日本地球惑星科学連合2021年大会

講演情報

[J] ポスター発表

セッション記号 P (宇宙惑星科学) » P-PS 惑星科学

[P-PS07] 太陽系物質進化

2021年6月5日(土) 17:15 〜 18:30 Ch.02

コンビーナ:松本 恵(東北大学大学院)、小澤 信(東北大学大学院理学研究科地学専攻)、日比谷 由紀(国立研究開発法人海洋研究開発機構 海底資源センター)、川崎 教行(北海道大学 大学院理学研究院 地球惑星科学部門)

17:15 〜 18:30

[PPS07-P06] Allende隕石中の粗粒CAI “TTA01” の岩石鉱物学的記載

*山崎 忠勝1、川崎 教行1、圦本 尚義1 (1.北海道大学)

隕石のCAI(Ca-Al-rich inclusion)は,太陽系最古の形成年代を示す(Connolly et al., 2012),高温凝縮鉱物の集合体である(e.g., Grossman, 1972)。CVコンドライトの粗粒CAIは,岩石鉱物学的特徴から,Type A,B,Cに分けられる。細粒CAIとfluffy Type A CAIは,太陽系星雲ガスからの直接凝縮物であると考えられているが(e.g., MacPherson and Grossman, 1984),Compact Type A,Type BおよびType C CAIは,溶融,メルトからの結晶化により形成したとされる(e.g., MacPherson and Grossman, 1981; Yurimoto et al., 1998)。本研究では,Allende隕石から発見された(Imai and Yurimoto, 2000),異なる岩石鉱物学的組織を示す2つの領域から成る粗粒 CAI,TTA01の岩石鉱物学的記載を行った。組織観察と化学組成分析には,北海道大学の走査電子顕微鏡システム(JEOL JSM-7000F + Oxford X-Max 150)を用いた。

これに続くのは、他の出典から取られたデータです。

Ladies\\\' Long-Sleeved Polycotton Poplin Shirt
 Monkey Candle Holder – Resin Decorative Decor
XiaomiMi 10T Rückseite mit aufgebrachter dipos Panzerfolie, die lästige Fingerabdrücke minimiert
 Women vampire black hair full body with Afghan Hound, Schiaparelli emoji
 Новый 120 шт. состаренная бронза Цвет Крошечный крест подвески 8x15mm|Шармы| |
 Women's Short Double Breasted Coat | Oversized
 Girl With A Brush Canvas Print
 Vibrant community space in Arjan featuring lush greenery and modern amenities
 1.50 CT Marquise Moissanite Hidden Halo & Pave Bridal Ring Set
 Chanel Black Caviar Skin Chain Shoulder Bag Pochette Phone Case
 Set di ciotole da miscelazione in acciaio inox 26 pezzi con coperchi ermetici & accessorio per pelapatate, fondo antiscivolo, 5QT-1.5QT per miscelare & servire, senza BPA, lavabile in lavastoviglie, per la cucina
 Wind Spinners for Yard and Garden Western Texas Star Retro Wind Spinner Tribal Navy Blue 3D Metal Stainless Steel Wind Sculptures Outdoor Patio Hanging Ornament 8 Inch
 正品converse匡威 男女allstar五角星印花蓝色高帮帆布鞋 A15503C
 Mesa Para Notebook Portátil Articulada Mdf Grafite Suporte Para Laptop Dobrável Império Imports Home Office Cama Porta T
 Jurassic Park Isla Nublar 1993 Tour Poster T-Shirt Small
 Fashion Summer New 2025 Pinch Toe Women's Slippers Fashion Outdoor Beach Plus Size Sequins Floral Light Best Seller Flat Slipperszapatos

TTA01は,2つのこぶが合わさったようないびつな楕円形を示し,研磨試料上で長径3.5 mm,短径2.5 mmである。主にスピネル,メリライト,アノーサイト,ファッサイトから構成され,ソーダライト,ネフェリン,グロッシュラー,モンティセライトなどの二次鉱物も含まれる。TTA01は,岩石鉱物学的に2つの領域に分けられる。片方の領域(領域Aと呼ぶ)はファッサイトとアノーサイトに富み,半自形のアノーサイト(約1 mm長)と他形のメリライト・ファッサイトがポイキリティックにスピネルを含む。領域Aのバルク化学組成はType C CAI的であり,Stolper(1982)の三角相図において,スピネル+アノーサイトの領域にプロットされる。メリライトのオケルマナイト量は約50-70 mol%であった。

他方の領域Bは,メリライトに富み,アノーサイトとファッサイトがポイキリティックに細粒のメリライトとスピネル(5-50 μm)を含むスポンジ状の組織を示す。さらにメリライトは細粒のスピネルを含む。領域Bのバルク化学組成はType B CAI的であり,Stolper三角相図においてスピネル+メリライトの領域にプロットされる。メリライトのオケルマナイト量は約15-50 mol%であった。また細粒のメリライト結晶内には,急激にオケルマナイト成分に乏しい部分(オケルマナイト量25 mol%以下)がたびたび見られ,その周囲はオケルマナイト量30 mol%以上のメリライトに囲まれている。

観察された組織から,領域Aの構成鉱物の結晶化順序はスピネル,アノーサイト,メリライト+ファッサイト,領域Bはスピネル,メリライト,アノーサイト+ファッサイトであると推測され,両領域ともにバルク化学組成と調和的である。両領域のバルク化学組成が,Stolper三角相図において異なる領域にプロットされることと,メリライトの化学組成分布が系統的に異なることから,両領域が均一なメルトから形成したと考えることは難しい。したがってTTA01は,異なる化学組成をもつダスト,すなわちType C CAI的な領域A前駆物質とType B CAI的な領域B前駆物質とが,互いに付着した後,再溶融を経験して形成したと考えられる。領域Aのアノーサイトのリキダス温度は約1340℃,領域Bのメリライトのリキダス温度は約1430℃である(Stolper, 1982)。その間の温度で加熱され,溶融,メルトからの結晶化が起きていたとすれば,スピネルと領域Bのメリライトの一部が溶け残ったはずであり,観察された組織と調和的である。